Le projet est lancé via un Kickstarter qui explose tous les records en moins d'un mois. Jusque-là, tout va bien.
C'est ensuite que ça se complique. D'autres Kickstarter sont lancés dans la foulée (parfois pour améliorer le jeu, parfois pour financer d'autres projets), les premières images et trailers sont nettement moins sympathiques que les concept arts présentés dans la première bande-annonce, le jeu est repoussé à de nombreuses reprises pour finalement sortir 1 an et demi après sa date initiale...
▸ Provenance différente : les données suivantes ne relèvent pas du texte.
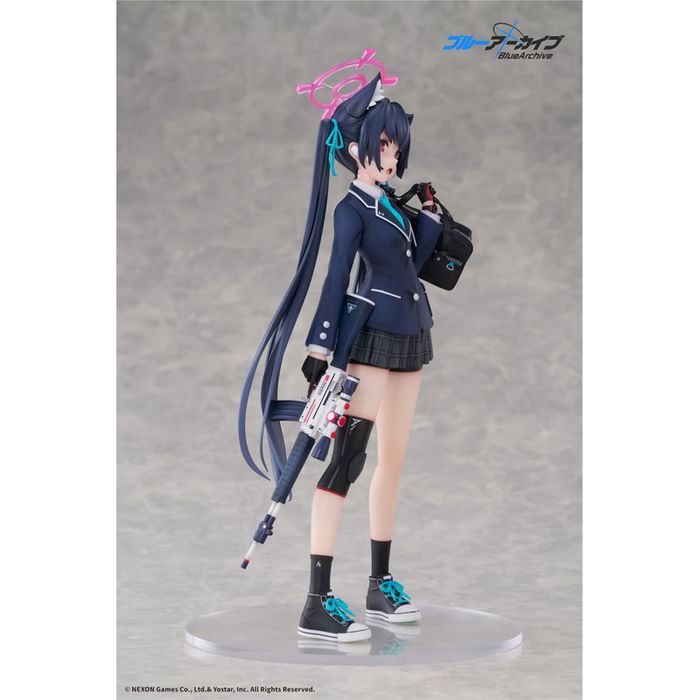 Serika by WINGS Inc. - Shop at ToyCoin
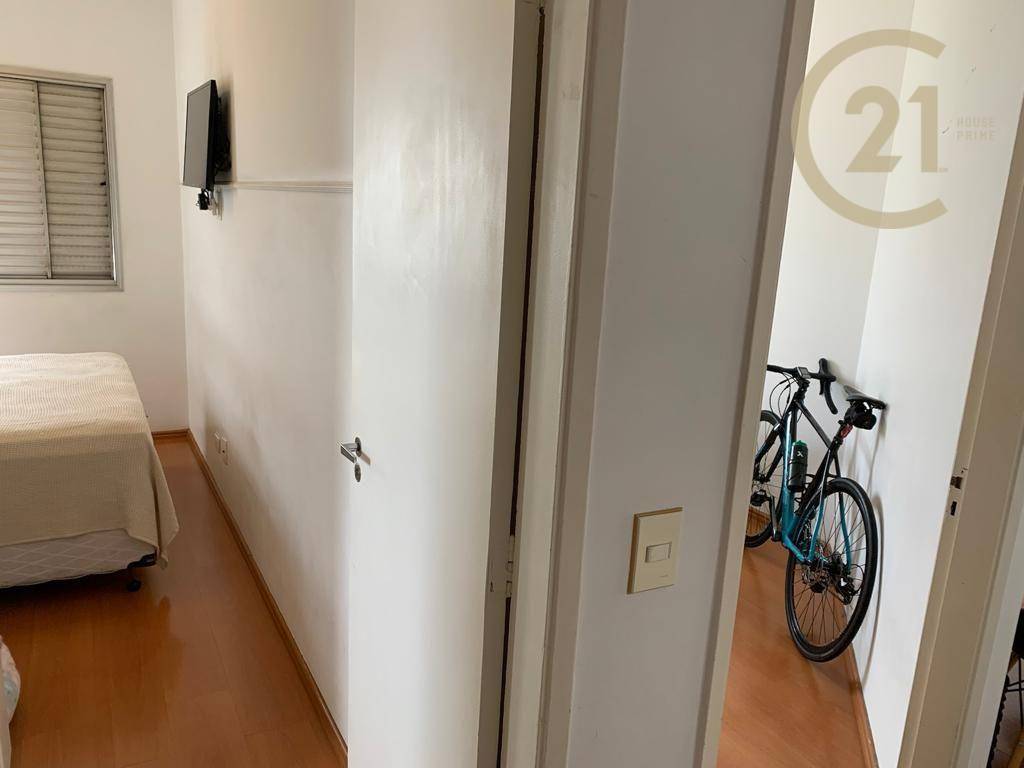 Apartamento à venda com 2 quartos, 65m² - Foto 28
Et à quelques jours de la sortie, la machine s'emballe. Un trailer sort et fait un badbuzz monstrueux à cause d'une mauvaise blague (nul doute que les fans auraient été plus cléments si les expressions faciales des personnages étaient un minimum travaillées et si les explosions ne ressemblaient pas à des pizzas peperonnis), une mauvaise traduction d'une interview de Keiji Inafune le fait passer pour un connard imbus de lui-même, les versions 3DS et Vita sont repoussées à une date inconnue (encore aujourd'hui on ignore si celles-ci sont toujours prévues), les premiers tests font état de ralentissements désastreux, en particulier sur Wii U...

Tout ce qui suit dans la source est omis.